What's needed is an exact copy of the lines from the one that contains "White short-sleeved top" to the end of the data below, leaving the pictures out.

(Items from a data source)

======

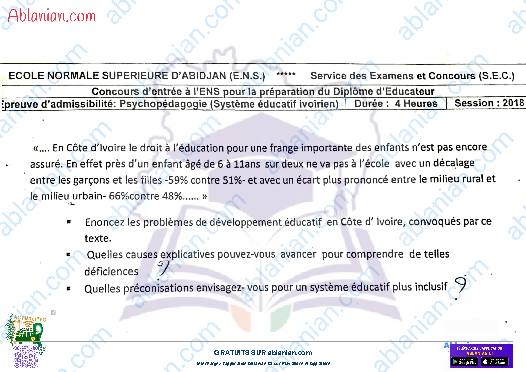 Première page : anciens sujets ENS éducateur SPCHOPEDAGOGIE système éducatif ivoirien 2018 PDF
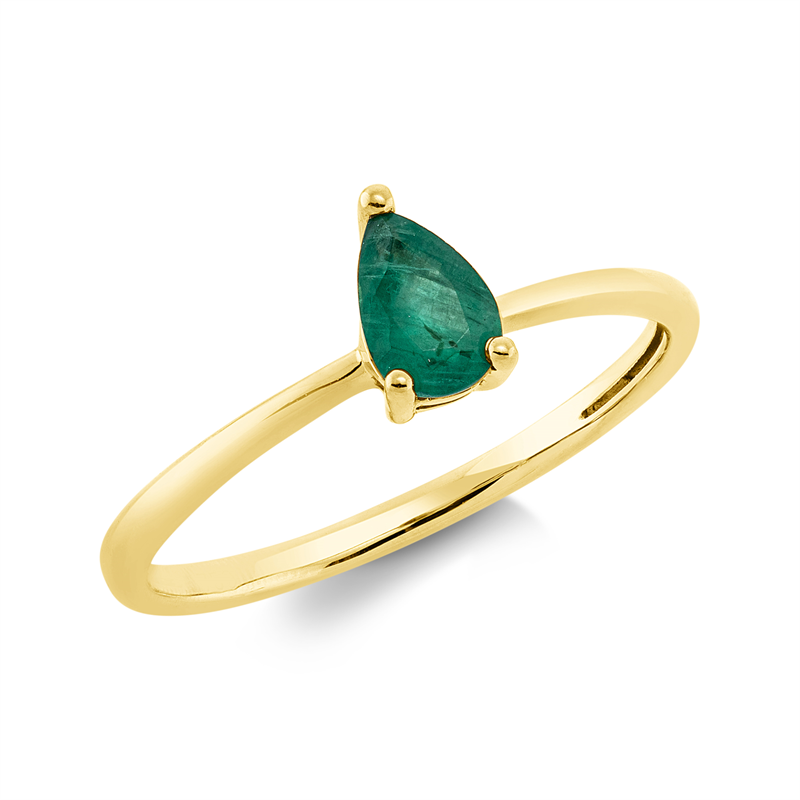 Image 90002027 - Ring 18 kt GG, 1 Smaragd 0,36 ct grün, Weite:54 =*=*= Unterkategorie: Farbstein ...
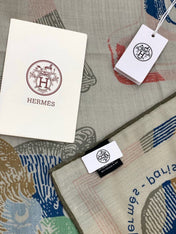HERMES 26S SCARF 140 IN CASHMERE AND SILK 303156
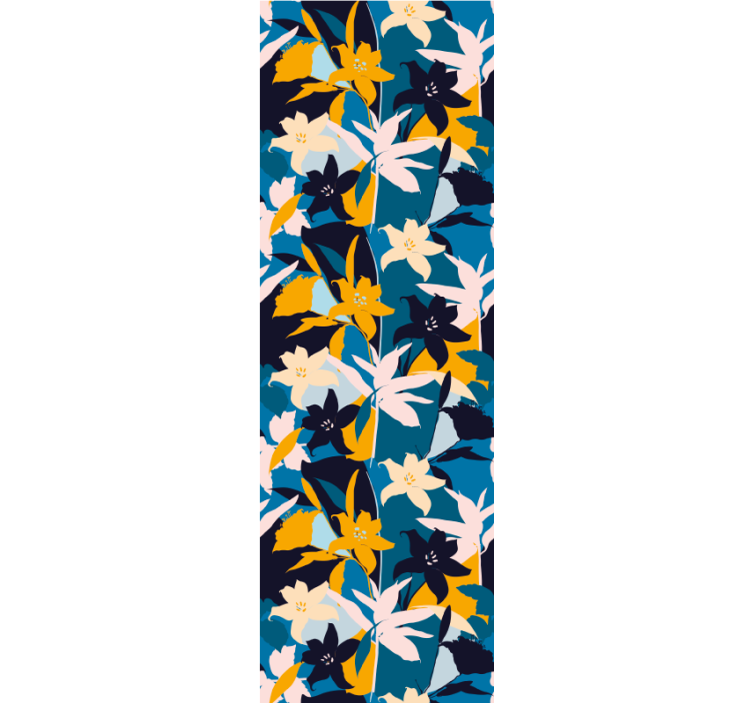 Abstract kleurrijk patroon bloemen behang - TenStickers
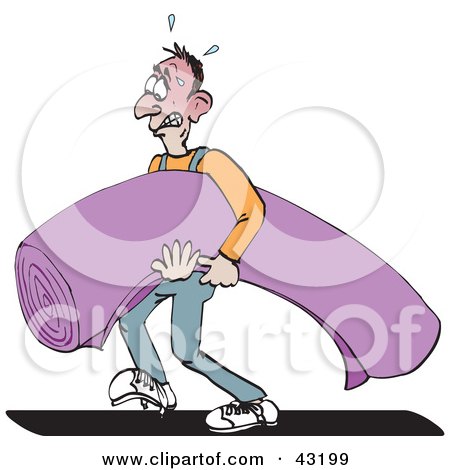 Clipart Illustration of a Strained And Sweaty Carpet Installer Carrying A Roll by Dennis Holmes Designs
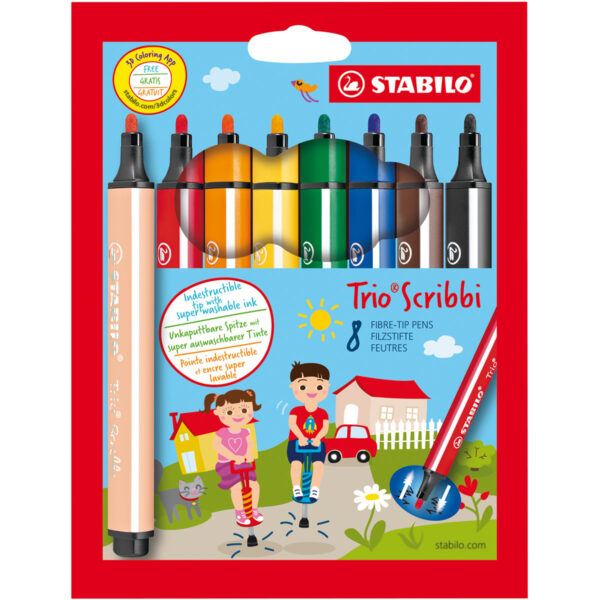 Stabilo ST368/8-01 Trio Scribbi Triangular Fibre-Tip Pen - Pack of 8 - Assorted Colours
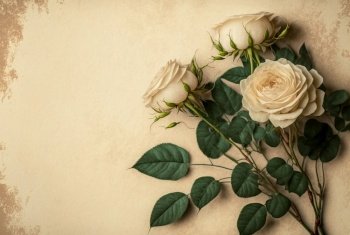White rose with vintage looking background, Perfect gift for valentines day, 14 February background with copy space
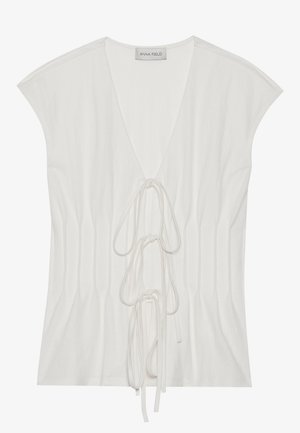 White short-sleeved top with a deep V-neck and front tie detail. The fabric has a smooth texture with vertical pleating accents.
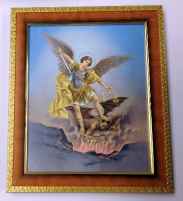 St. Michael Picture in Cherry Frame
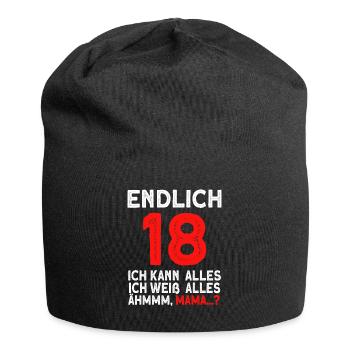 Enfin 18 Je peux tout faire, je sais tout - Bonnet en jersey - noir - Devant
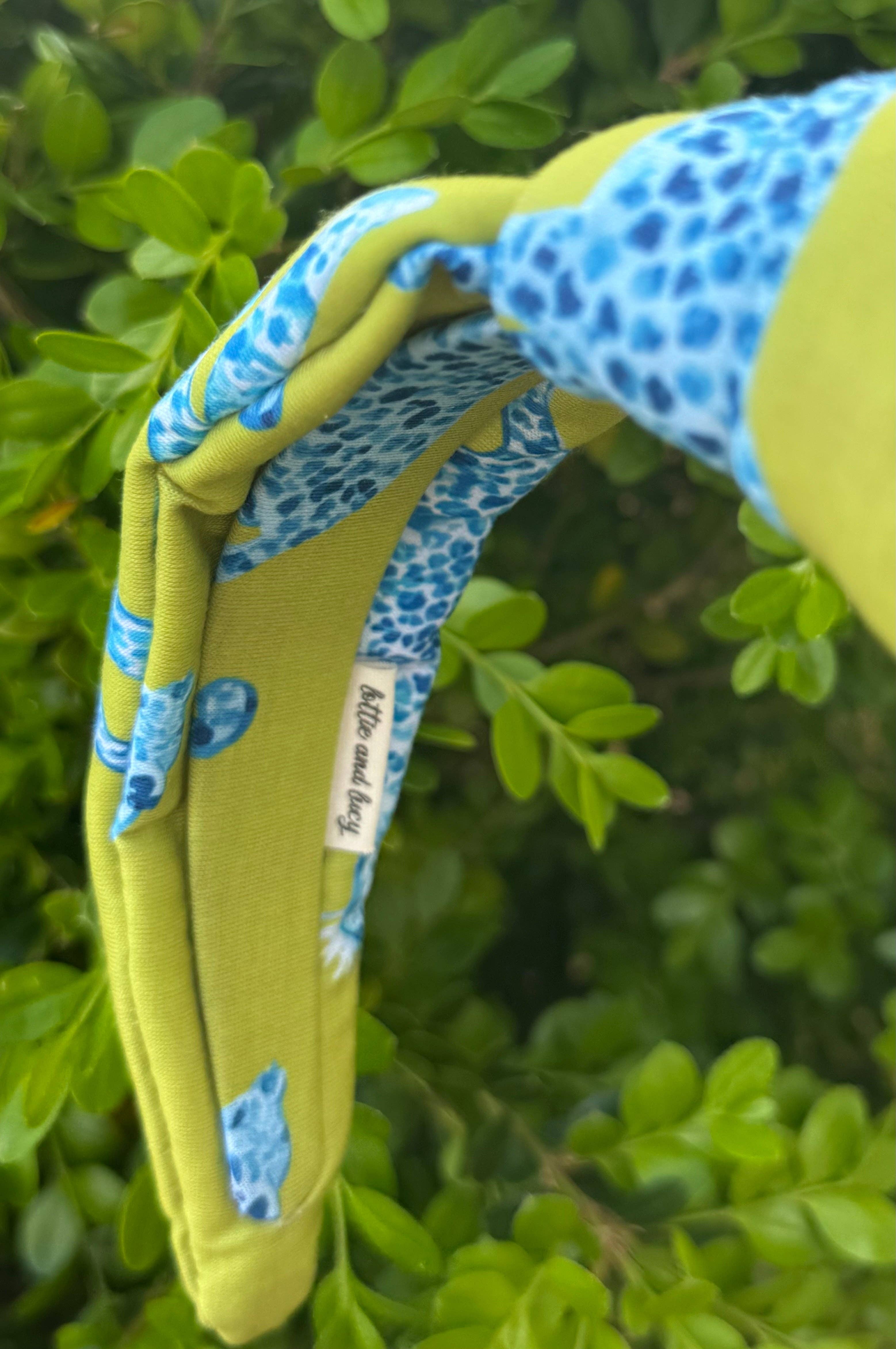 Citron Jaguar Print headband for wholesale on Faire4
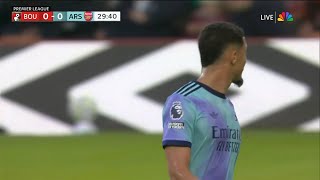 SALIBA RED CARD  BOURNEMOUTH VS ARSENAL [upl. by Odraboel11]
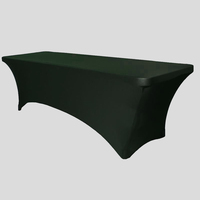 Housse de table de conférence rectangulaire en spandex noir personnalisée avec motif floral et logo inclus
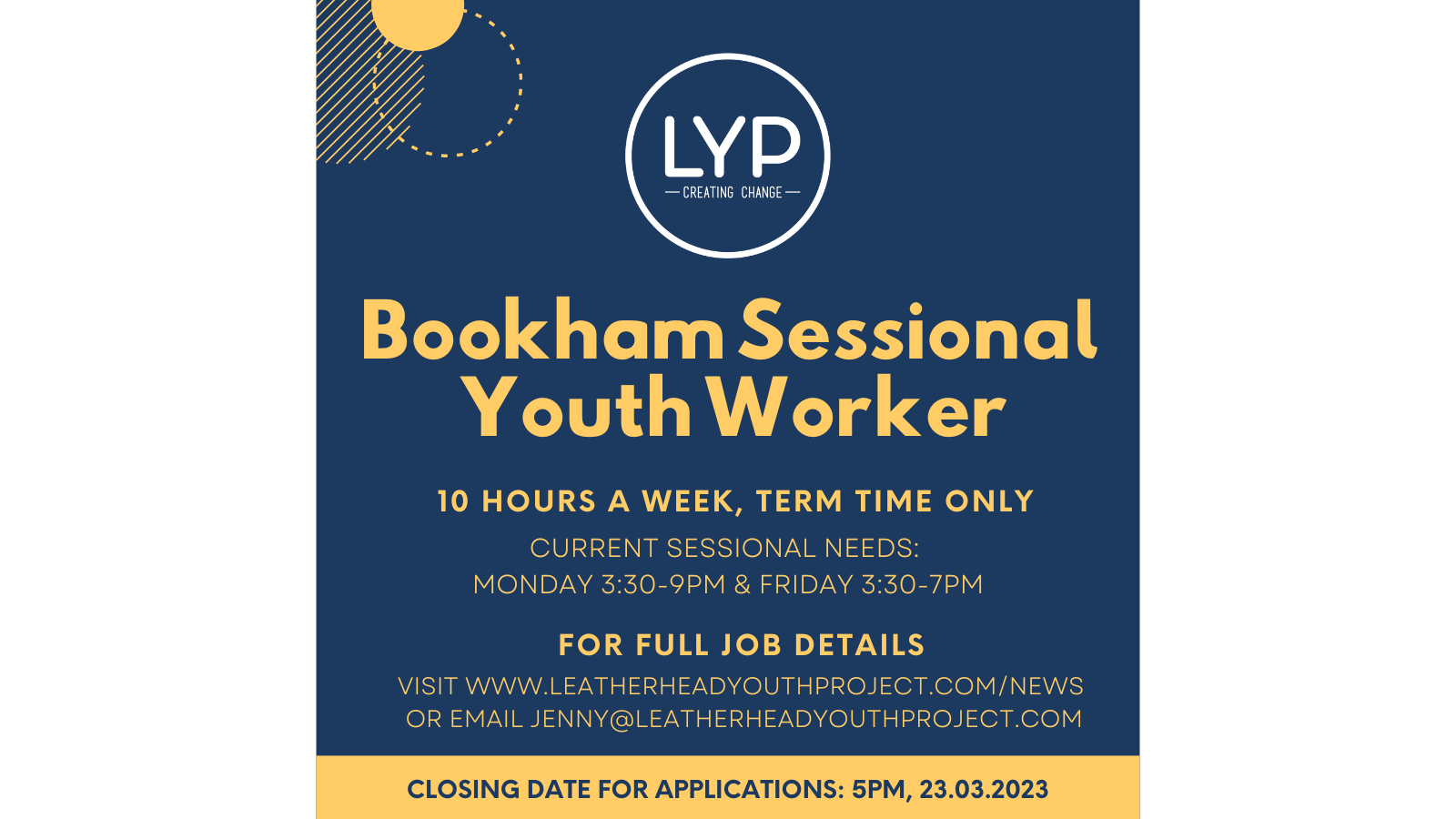 Taking Applications for a New Bookham Sessional Youth Worker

======

ANSWER SPACE
 White short-sleeved top with a deep V-neck and front tie detail. The fabric has a smooth texture with vertical pleating accents.
 St. Michael Picture in Cherry Frame
 Enfin 18 Je peux tout faire, je sais tout - Bonnet en jersey - noir - Devant
 Citron Jaguar Print headband for wholesale on Faire4
 SALIBA RED CARD  BOURNEMOUTH VS ARSENAL [upl. by Odraboel11]
 Housse de table de conférence rectangulaire en spandex noir personnalisée avec motif floral et logo inclus
 Taking Applications for a New Bookham Sessional Youth Worker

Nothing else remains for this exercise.